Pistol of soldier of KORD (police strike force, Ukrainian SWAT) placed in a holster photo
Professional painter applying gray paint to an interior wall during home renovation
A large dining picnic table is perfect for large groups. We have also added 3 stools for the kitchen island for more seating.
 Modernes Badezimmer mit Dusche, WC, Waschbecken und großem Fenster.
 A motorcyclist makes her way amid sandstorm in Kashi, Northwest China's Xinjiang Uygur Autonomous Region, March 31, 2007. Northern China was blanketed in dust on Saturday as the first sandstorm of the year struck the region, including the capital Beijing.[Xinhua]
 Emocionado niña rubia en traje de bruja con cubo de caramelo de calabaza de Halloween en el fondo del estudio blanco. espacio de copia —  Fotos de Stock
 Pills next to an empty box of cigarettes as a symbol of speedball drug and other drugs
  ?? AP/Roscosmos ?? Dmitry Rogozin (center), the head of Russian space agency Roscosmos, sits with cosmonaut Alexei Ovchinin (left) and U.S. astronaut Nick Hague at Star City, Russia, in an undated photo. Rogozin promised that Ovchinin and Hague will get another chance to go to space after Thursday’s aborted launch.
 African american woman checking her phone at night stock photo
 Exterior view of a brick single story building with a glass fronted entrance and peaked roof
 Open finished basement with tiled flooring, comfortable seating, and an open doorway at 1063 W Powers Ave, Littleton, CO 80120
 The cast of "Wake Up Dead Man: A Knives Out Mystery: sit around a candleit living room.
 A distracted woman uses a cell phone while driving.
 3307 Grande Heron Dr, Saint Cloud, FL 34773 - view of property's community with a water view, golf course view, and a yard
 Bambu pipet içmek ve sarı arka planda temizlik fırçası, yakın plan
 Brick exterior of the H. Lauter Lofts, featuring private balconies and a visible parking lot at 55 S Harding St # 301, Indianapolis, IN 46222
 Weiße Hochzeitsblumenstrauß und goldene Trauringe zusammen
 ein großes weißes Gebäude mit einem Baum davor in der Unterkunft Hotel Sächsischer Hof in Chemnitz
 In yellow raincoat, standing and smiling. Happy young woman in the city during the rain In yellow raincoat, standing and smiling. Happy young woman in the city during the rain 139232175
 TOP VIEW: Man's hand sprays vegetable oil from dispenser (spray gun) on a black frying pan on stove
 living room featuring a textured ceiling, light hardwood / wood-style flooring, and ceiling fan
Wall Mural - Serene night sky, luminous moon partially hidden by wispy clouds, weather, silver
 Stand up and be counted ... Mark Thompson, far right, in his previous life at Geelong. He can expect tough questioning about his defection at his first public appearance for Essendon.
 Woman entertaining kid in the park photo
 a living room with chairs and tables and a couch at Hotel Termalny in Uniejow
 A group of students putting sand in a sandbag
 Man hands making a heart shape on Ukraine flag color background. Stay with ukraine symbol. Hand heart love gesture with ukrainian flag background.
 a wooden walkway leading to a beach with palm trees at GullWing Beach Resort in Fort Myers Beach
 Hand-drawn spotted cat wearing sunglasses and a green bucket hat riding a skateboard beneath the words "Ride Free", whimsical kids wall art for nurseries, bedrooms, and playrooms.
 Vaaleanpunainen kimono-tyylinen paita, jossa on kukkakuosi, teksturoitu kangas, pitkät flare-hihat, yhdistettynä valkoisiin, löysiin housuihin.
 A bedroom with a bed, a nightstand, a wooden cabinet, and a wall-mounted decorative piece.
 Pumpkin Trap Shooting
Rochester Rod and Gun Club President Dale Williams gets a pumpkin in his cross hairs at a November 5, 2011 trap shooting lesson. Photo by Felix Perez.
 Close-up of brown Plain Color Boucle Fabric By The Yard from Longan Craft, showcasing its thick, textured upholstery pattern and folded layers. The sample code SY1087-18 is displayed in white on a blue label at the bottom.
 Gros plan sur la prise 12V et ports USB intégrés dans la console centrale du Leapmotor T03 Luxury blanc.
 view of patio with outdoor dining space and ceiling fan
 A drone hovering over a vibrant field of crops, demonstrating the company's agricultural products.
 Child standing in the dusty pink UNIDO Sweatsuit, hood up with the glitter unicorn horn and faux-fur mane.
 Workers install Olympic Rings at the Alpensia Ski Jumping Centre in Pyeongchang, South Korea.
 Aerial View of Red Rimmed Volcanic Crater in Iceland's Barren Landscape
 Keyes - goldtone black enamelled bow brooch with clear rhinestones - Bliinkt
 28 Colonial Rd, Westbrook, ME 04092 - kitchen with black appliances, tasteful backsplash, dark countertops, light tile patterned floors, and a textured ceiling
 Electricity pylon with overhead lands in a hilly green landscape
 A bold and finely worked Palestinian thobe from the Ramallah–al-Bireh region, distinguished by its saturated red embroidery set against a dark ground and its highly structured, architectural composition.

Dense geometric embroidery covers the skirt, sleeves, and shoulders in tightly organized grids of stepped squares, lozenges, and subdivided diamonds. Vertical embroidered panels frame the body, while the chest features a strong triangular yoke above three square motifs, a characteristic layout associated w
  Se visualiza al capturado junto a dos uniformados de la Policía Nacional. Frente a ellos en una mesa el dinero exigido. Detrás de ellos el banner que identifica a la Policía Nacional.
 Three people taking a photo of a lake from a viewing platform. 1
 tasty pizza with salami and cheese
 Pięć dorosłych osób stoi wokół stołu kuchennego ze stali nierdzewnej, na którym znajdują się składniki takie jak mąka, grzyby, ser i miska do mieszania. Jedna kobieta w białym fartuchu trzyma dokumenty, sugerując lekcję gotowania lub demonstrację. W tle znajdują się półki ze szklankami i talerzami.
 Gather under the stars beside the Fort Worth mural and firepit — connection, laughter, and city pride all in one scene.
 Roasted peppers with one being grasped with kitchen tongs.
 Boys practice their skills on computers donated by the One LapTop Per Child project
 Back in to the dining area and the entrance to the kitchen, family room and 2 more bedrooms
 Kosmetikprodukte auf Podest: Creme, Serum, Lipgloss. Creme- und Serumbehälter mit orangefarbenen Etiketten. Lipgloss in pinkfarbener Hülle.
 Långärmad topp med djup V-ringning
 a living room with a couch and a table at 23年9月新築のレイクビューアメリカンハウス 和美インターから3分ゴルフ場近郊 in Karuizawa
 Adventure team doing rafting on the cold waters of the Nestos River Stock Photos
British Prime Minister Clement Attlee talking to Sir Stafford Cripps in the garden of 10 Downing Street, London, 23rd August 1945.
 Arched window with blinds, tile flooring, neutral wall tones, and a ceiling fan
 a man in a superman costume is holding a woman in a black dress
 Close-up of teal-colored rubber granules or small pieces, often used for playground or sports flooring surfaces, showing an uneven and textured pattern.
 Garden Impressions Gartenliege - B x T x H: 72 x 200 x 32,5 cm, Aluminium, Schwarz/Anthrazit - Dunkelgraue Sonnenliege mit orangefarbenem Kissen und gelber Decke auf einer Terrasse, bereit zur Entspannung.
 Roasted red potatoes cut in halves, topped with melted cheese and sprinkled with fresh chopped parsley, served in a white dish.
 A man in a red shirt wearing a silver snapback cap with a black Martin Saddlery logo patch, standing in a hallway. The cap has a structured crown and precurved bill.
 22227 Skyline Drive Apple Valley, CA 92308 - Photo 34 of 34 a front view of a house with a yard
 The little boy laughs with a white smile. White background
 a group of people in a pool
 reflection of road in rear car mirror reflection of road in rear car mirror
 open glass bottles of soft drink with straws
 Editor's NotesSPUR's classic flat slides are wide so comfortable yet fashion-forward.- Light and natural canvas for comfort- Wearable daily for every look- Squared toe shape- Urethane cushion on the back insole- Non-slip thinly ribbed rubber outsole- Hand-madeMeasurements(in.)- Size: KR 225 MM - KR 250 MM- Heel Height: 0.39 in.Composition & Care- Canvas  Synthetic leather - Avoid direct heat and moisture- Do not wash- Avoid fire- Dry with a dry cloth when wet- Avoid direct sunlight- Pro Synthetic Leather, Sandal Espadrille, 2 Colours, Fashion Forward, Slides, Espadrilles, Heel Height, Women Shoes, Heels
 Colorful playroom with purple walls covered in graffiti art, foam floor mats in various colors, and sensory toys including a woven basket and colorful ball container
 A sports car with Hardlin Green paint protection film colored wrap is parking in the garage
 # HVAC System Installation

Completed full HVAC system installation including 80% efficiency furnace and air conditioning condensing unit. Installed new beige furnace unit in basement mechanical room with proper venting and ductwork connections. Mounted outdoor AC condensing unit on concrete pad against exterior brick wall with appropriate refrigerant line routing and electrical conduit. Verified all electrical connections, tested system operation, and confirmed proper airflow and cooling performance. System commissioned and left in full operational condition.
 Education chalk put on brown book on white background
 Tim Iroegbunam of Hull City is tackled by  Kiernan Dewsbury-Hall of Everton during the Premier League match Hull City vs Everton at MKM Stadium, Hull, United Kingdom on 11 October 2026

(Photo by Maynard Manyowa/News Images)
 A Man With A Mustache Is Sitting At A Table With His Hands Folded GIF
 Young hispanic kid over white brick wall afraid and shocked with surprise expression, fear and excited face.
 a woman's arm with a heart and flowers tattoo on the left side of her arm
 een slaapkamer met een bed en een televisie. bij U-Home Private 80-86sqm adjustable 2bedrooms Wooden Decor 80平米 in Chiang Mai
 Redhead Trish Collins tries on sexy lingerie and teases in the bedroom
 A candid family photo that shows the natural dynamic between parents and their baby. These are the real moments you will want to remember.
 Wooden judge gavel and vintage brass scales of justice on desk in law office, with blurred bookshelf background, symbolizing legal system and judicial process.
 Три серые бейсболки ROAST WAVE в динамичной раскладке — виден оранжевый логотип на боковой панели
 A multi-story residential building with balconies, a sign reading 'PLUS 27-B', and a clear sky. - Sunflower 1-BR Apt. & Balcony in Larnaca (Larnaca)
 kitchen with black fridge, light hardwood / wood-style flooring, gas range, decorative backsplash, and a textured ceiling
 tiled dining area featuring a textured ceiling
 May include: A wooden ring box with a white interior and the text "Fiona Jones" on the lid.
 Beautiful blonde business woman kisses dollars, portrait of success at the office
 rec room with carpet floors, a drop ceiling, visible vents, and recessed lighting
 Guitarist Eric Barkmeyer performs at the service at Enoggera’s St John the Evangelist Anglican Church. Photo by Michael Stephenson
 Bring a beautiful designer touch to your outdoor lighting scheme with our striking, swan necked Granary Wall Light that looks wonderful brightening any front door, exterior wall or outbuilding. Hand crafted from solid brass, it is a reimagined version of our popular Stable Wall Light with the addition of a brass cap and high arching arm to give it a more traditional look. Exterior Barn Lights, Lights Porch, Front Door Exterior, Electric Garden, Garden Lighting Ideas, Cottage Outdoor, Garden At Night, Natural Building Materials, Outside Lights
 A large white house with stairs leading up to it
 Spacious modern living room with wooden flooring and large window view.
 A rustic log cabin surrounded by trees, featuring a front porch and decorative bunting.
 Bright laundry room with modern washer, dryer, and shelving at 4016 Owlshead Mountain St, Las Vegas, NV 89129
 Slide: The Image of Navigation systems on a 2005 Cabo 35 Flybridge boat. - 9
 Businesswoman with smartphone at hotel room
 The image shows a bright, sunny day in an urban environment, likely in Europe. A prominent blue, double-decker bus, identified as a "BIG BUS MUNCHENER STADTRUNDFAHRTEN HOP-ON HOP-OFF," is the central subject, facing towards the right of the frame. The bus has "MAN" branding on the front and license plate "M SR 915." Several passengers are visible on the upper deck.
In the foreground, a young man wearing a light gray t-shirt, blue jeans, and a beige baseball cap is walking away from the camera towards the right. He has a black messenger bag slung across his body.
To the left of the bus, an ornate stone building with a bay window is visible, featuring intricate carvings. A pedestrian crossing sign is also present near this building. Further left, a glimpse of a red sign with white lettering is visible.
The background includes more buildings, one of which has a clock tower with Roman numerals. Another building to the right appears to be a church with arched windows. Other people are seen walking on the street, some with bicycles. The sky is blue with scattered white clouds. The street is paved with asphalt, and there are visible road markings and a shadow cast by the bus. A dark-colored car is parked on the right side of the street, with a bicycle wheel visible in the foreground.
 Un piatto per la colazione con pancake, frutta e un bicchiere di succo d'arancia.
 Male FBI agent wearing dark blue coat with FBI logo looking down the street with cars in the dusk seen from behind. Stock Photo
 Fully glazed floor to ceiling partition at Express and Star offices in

> [YOUR OBJECTIVE]: Above are the lines; repeat exactly the ones from the line containing "African american woman" down to the line containing "living room featuring", both inclusive.

> [TASK SOLUTION]:
 African american woman checking her phone at night stock photo
 Exterior view of a brick single story building with a glass fronted entrance and peaked roof
 Open finished basement with tiled flooring, comfortable seating, and an open doorway at 1063 W Powers Ave, Littleton, CO 80120
 The cast of "Wake Up Dead Man: A Knives Out Mystery: sit around a candleit living room.
 A distracted woman uses a cell phone while driving.
 3307 Grande Heron Dr, Saint Cloud, FL 34773 - view of property's community with a water view, golf course view, and a yard
 Bambu pipet içmek ve sarı arka planda temizlik fırçası, yakın plan
 Brick exterior of the H. Lauter Lofts, featuring private balconies and a visible parking lot at 55 S Harding St # 301, Indianapolis, IN 46222
 Weiße Hochzeitsblumenstrauß und goldene Trauringe zusammen
 ein großes weißes Gebäude mit einem Baum davor in der Unterkunft Hotel Sächsischer Hof in Chemnitz
 In yellow raincoat, standing and smiling. Happy young woman in the city during the rain In yellow raincoat, standing and smiling. Happy young woman in the city during the rain 139232175
 TOP VIEW: Man's hand sprays vegetable oil from dispenser (spray gun) on a black frying pan on stove
 living room featuring a textured ceiling, light hardwood / wood-style flooring, and ceiling fan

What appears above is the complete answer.